I am currently trying to deploy a Numba application in a docker container. As there are restrictions on the startup latency I really need to avoid the recompilation time, which is already in the order of minutes and growing.
So far I have tried those methods in the container build step without success:
Ahead of time compliation
My problem here is that does not support all numba features. In particular I need objmode at one critical point in the application (to get the elapsed time, see e.g. [I am not allowed to link]) which does not seem to work with AOT.
Trigger a cached JIT and reuse the cache after startup
While this works when running the container on the same machine where it was built, running on a different host triggers a recompilation, probably due to a different “magic tuple” (again, link missing). I tried NUMBA_CPU_NAME=generic but the code still gets recompiled.
Any help is greatly appreciated. I’m wondering if I am missing something as this use case does not seem to be that uncommon.
The magic tuple and the hashes are actually the same, it’s only the timestamp that differs. Seems to be very similar to your Issue on Spark (“This process also appears to not preserve the requisite python source code file timestamp precision to match the sub-second value contained in the numba cache index .nbi file.”). However, in my case there is no unpacking/copying involved and the timestamps originate directly from the unpickled nbi. That currently does not make sense to me.
Can that difference be the reason for the recompliation?
The time precision of the filesystem seems to be a feature of the docker host and the remote one did not support sub-second precision, leading to a recompilation even when the magic tuple was the same.

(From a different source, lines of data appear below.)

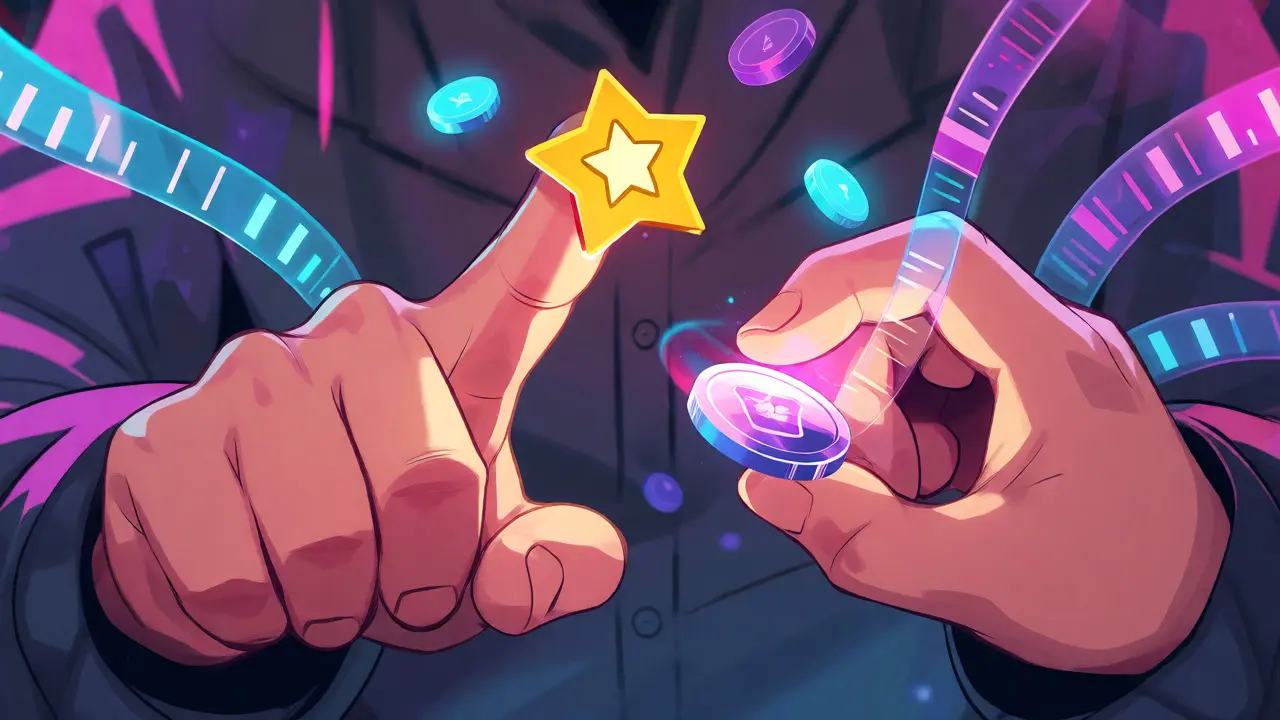 Hands pressing holographic star buttons surrounded by swirling data streams.
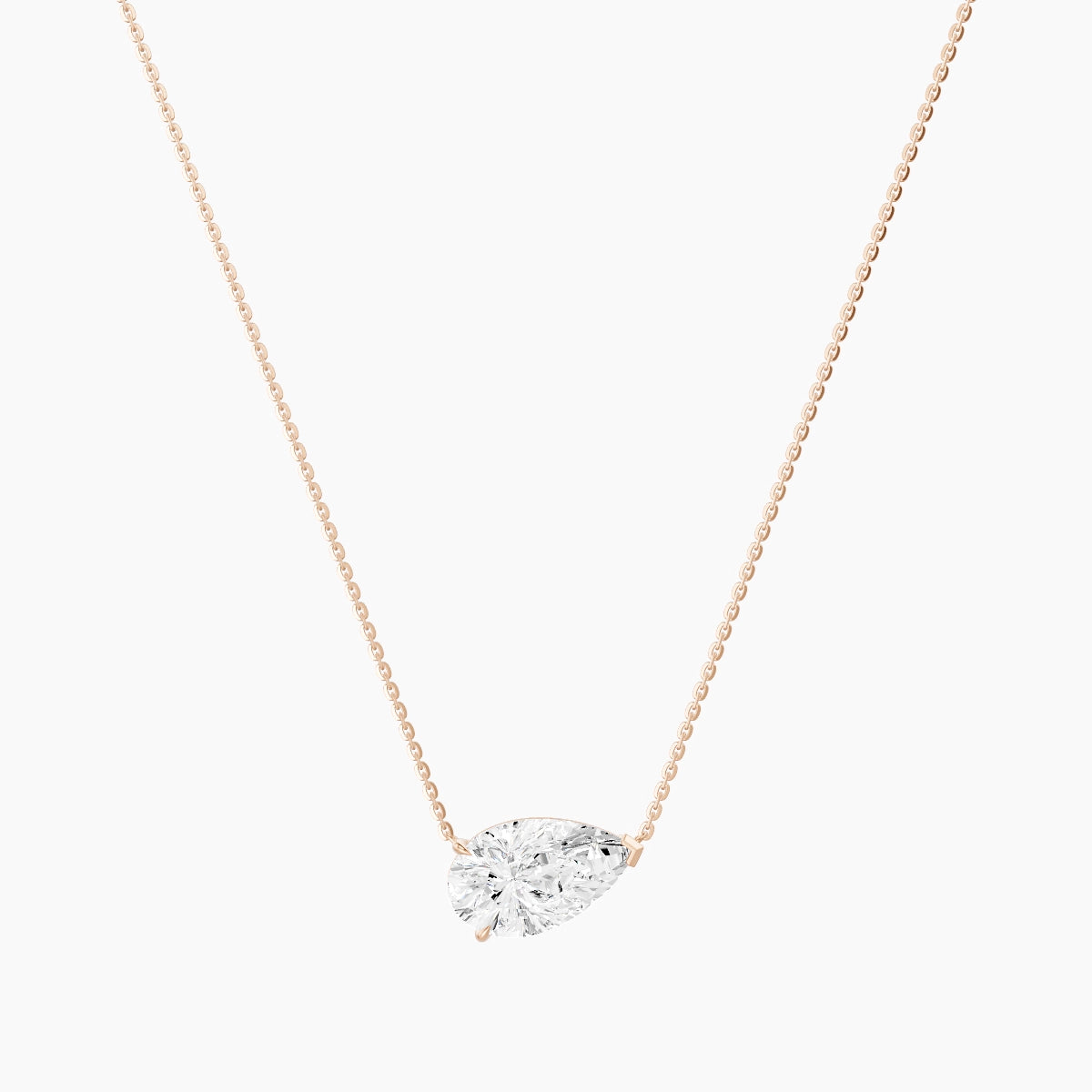 Solitaire | 18k Rose Gold 3 ct White Lab Diamond Pear Pendant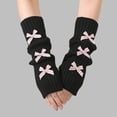 thumbnail image 3 of Chuancc Women's Long Fingerless Gloves - Warm Windproof Winter Half Finger Typing Gloves with Long Wrist Cuff Pink One Size, 3 of 5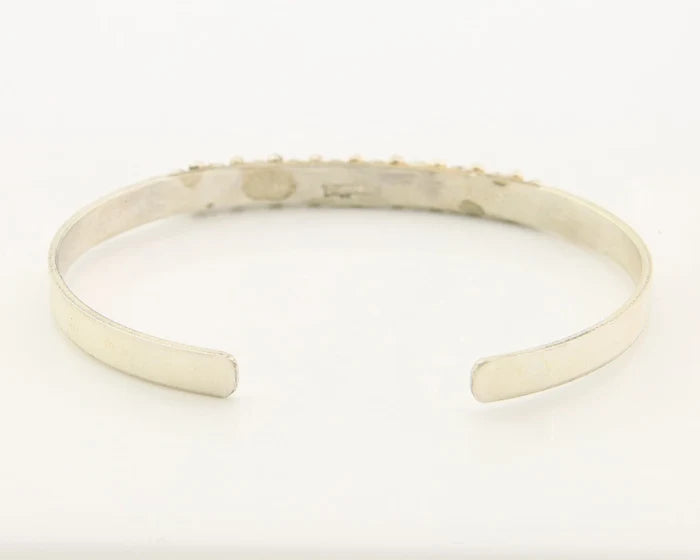 Navajo Cuff Bracelet Sterling Silver Authentic Snake Eye Coral Handmade Vintgage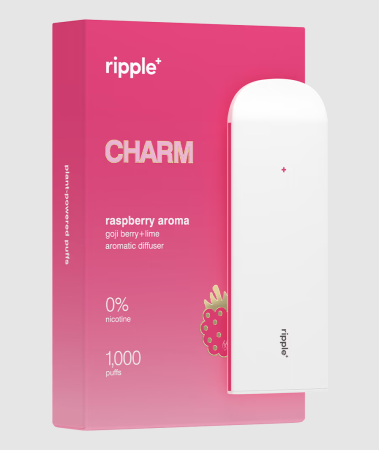 Tigari electronice - Tigara electronica, Ripple+, CHARM, Zmeură, fara nicotina, 1000 pufuri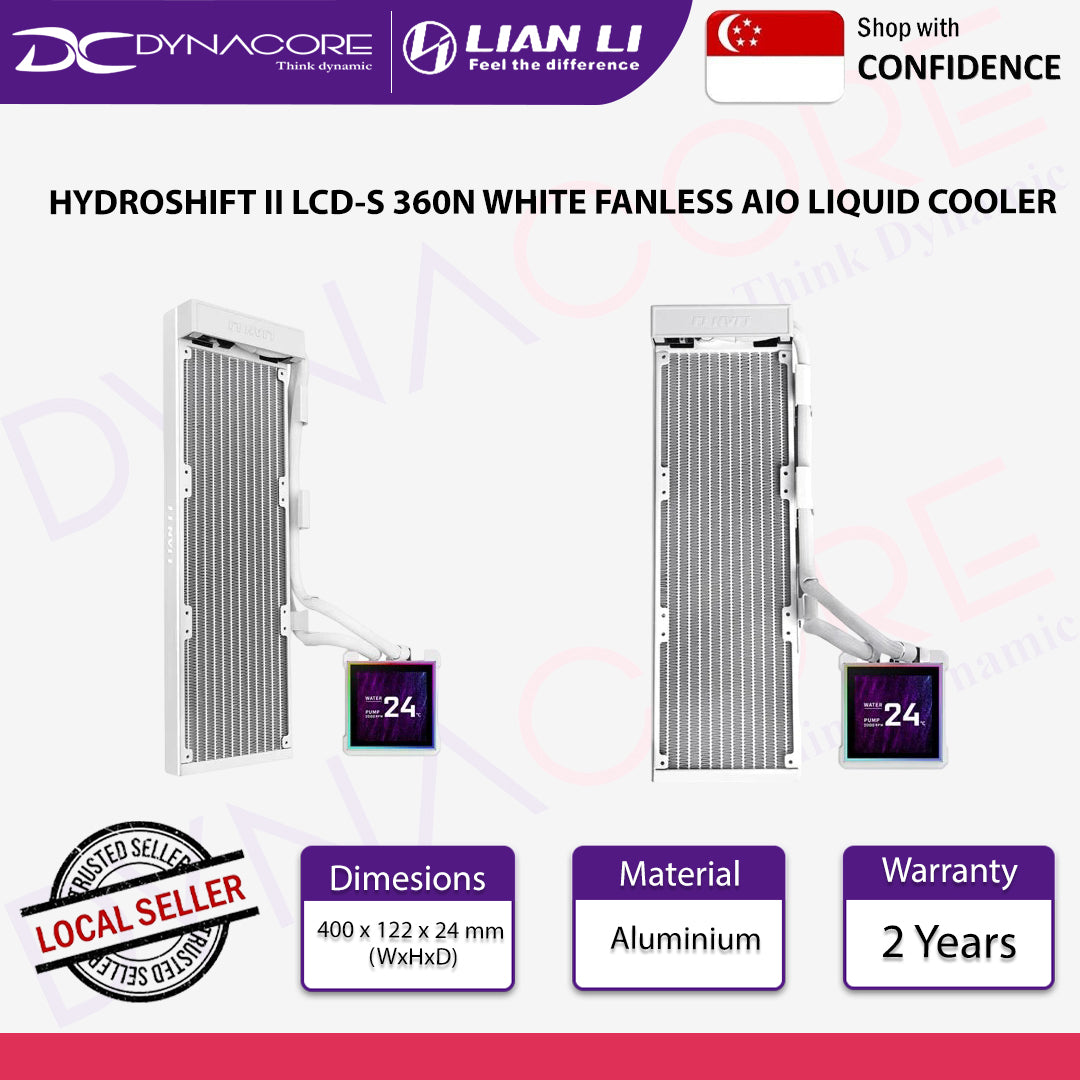 Lian Li Hydroshift II LCD-S 360N White All-in-One Fanless CPU Cooler with LCD - 4718466021410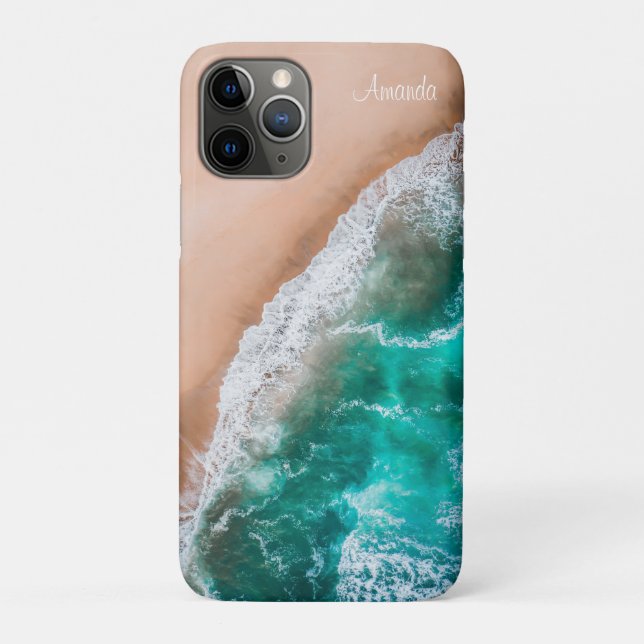 Capa Para iPhone 11 Pro Fundo de Praia Tropical Feminina (Verso)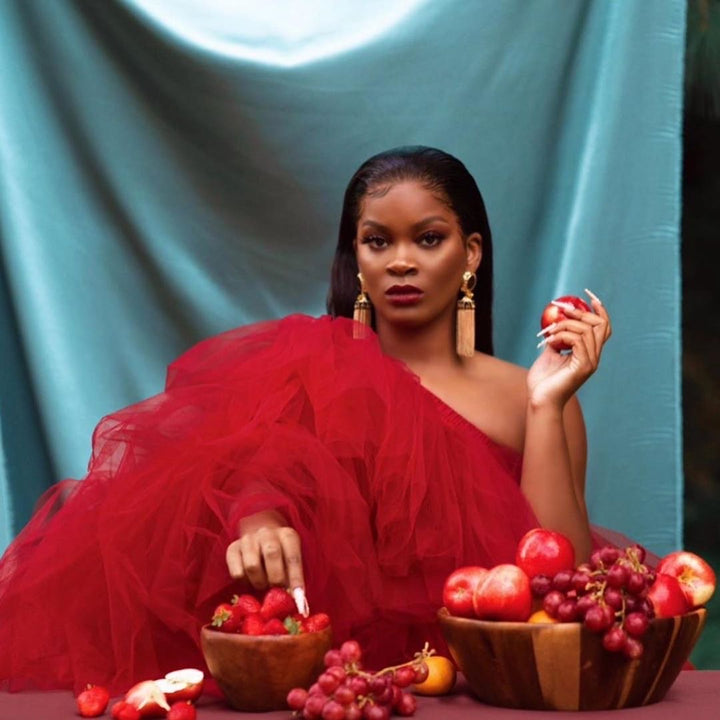 Oyemwen Veronica Tiered High Low Tulle Maxi Tutu Dress Ruby (As Worn by Ari Lennox)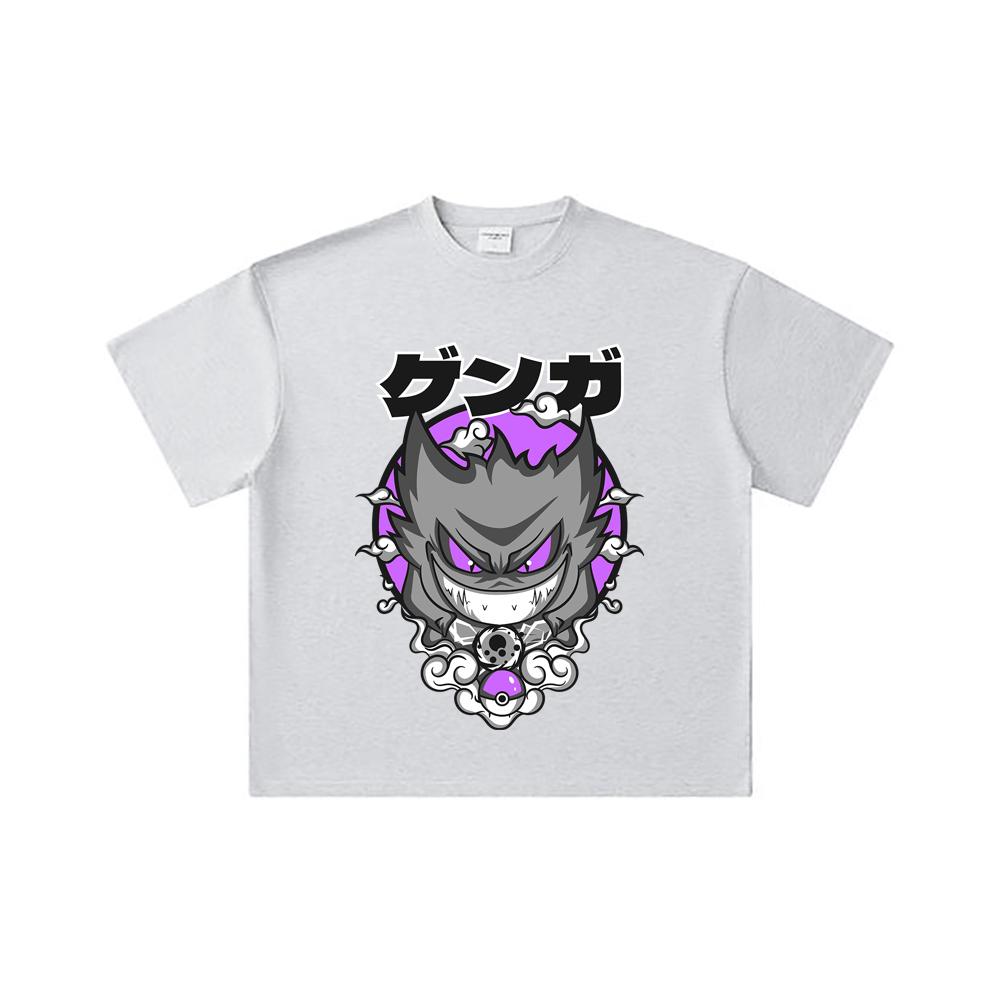 260 GSM Double Yarn 32 Count 100% Cotton Pokemon V10 Gengar Print Unisex Heavy Cotton T Shirt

I monkey-patched the method _load_index in the Class IndexDataCacheFile to not do the timestamp check and it finally worked. Now looking for a cleaner solution as this like messing with the timestamp values does not seem ideal. It would be nice to have an option that disables automatic cache invalidation.
Glad you solved it! Another option might be possibly patching the timestamp on the save-side?
Kind-of-related to your objmode timing, this discussion has @stuartarchibald’s nifty implementation of doing timing with the stdlib.
But in any case I think you would need to modify both the pickled timestamps as well as the file timestamps. Otherwise you could end up with the inverse situation when the host actually supports the higher precision. However, I noticed there was already a discussion in the dev forum to remove the timestamp-based invalidation, so there is probably no need for a naive PR and I’ll diff-patch the code during the build step for now.
Thanks for the other link, completely missed that. I am still not sure if that would also work with AOT, but caching is the more convenient method anyway.